((
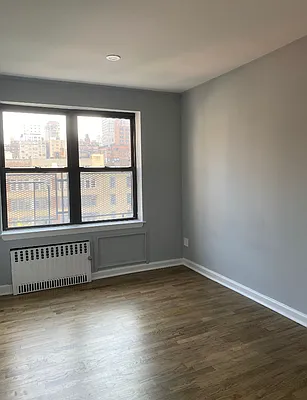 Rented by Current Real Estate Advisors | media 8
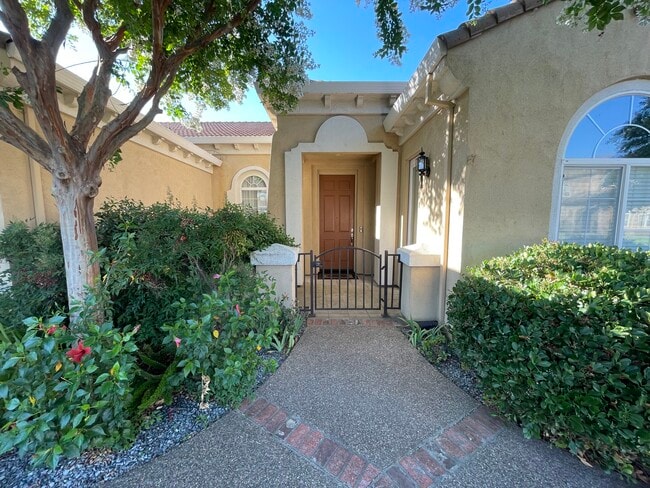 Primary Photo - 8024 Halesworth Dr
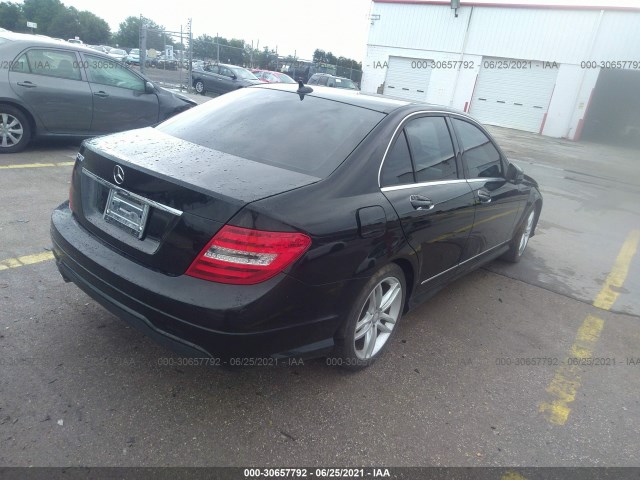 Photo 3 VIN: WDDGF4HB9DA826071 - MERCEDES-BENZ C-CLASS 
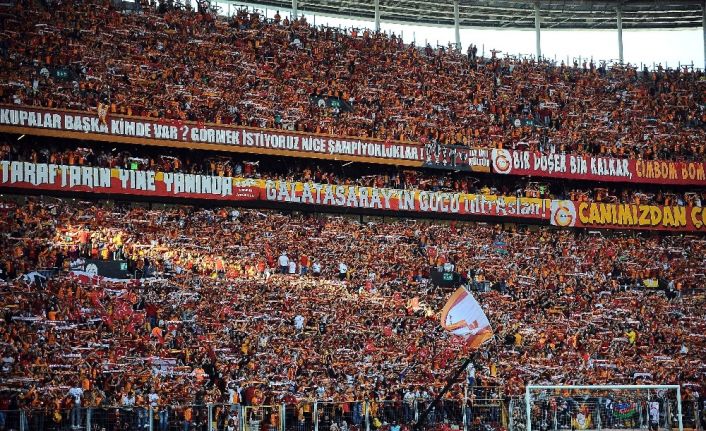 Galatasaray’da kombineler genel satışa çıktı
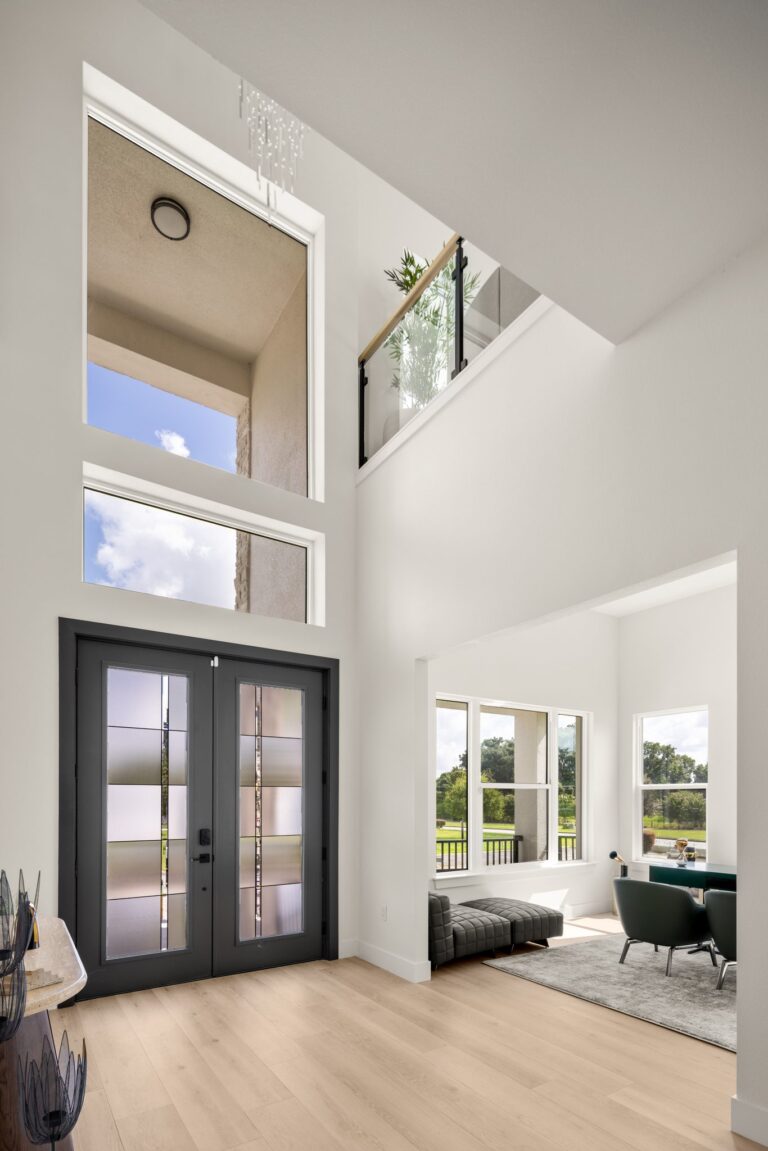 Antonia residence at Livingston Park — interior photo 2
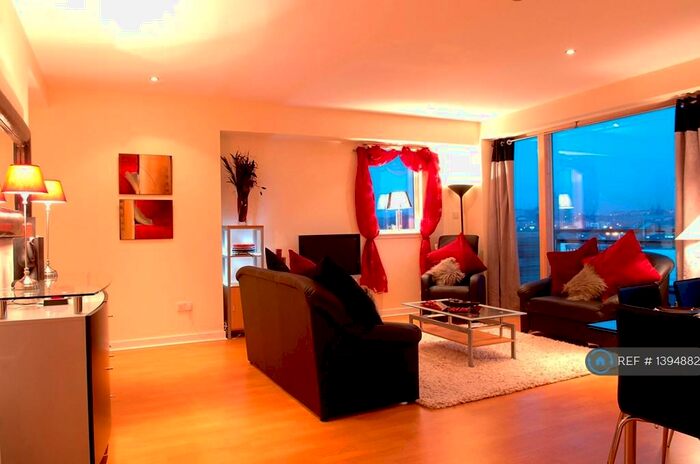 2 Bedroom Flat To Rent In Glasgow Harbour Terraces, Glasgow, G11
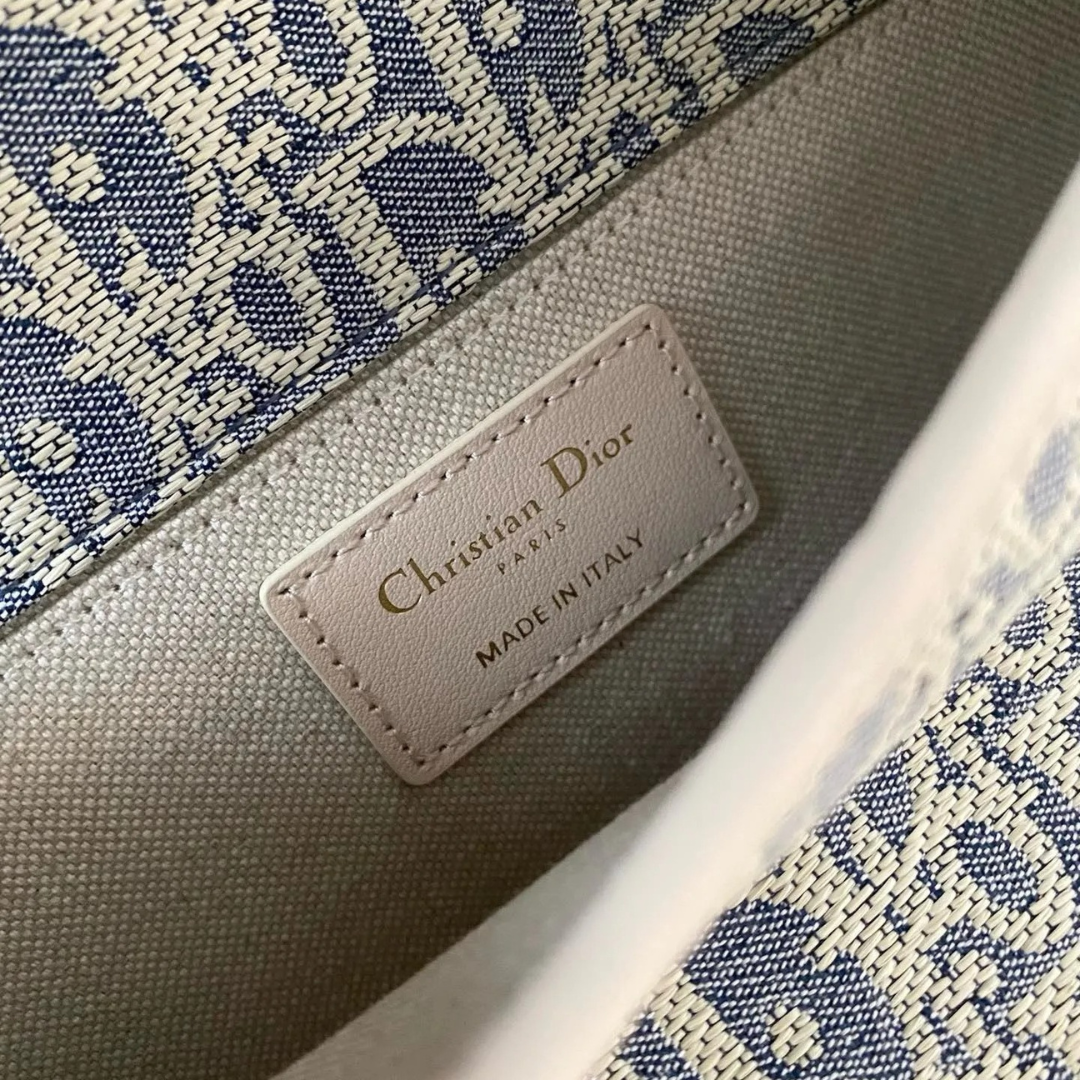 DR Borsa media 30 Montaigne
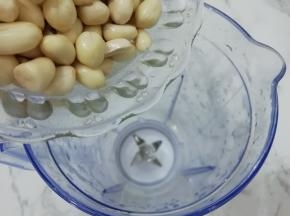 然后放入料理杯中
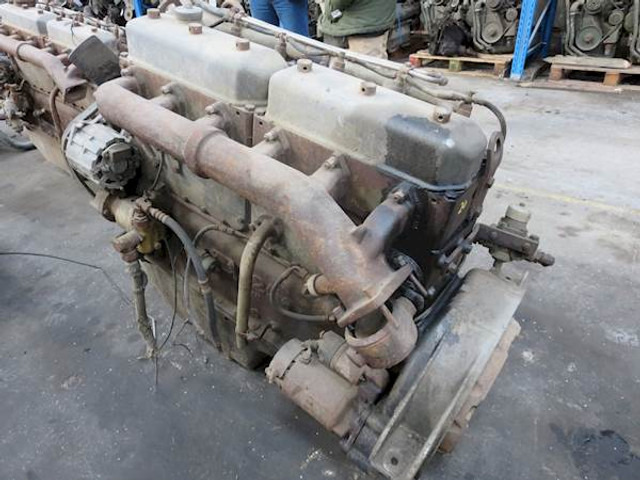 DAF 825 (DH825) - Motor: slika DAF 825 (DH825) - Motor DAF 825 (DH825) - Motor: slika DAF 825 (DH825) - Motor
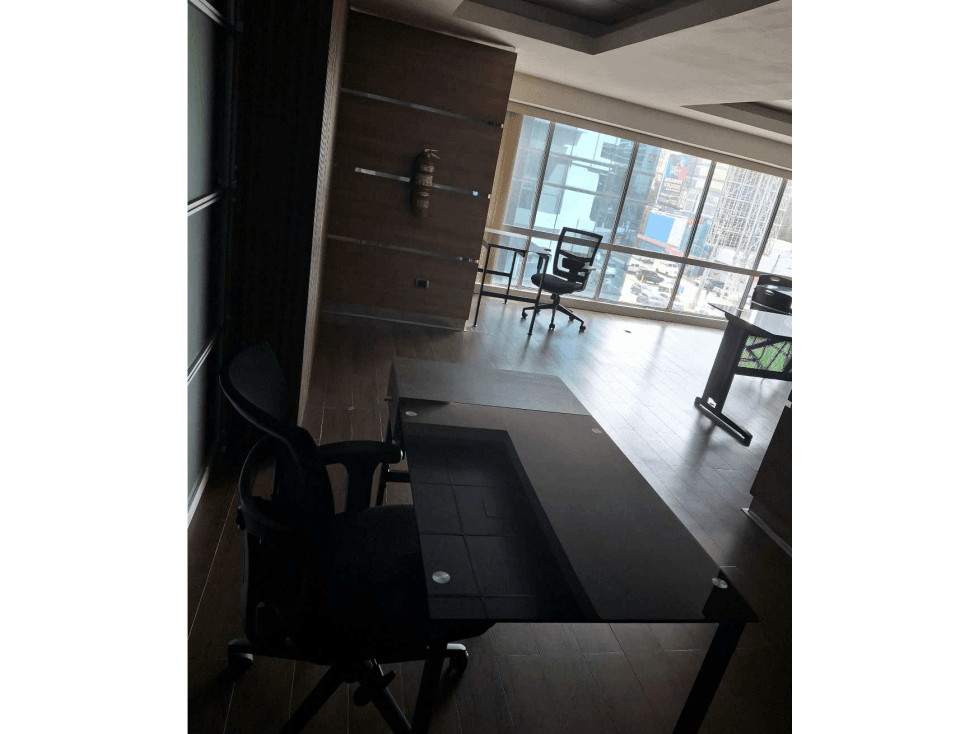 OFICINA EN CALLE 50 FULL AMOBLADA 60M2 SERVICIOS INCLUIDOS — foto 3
))
• _What the task requires_: Exact copy, no pictures: please print every record above as written.

• _Answer to the problem_:
 Rented by Current Real Estate Advisors | media 8
 Primary Photo - 8024 Halesworth Dr
 Photo 3 VIN: WDDGF4HB9DA826071 - MERCEDES-BENZ C-CLASS 
 Galatasaray’da kombineler genel satışa çıktı
 Antonia residence at Livingston Park — interior photo 2
 2 Bedroom Flat To Rent In Glasgow Harbour Terraces, Glasgow, G11
 DR Borsa media 30 Montaigne
 然后放入料理杯中
 DAF 825 (DH825) - Motor: slika DAF 825 (DH825) - Motor DAF 825 (DH825) - Motor: slika DAF 825 (DH825) - Motor
 OFICINA EN CALLE 50 FULL AMOBLADA 60M2 SERVICIOS INCLUIDOS — foto 3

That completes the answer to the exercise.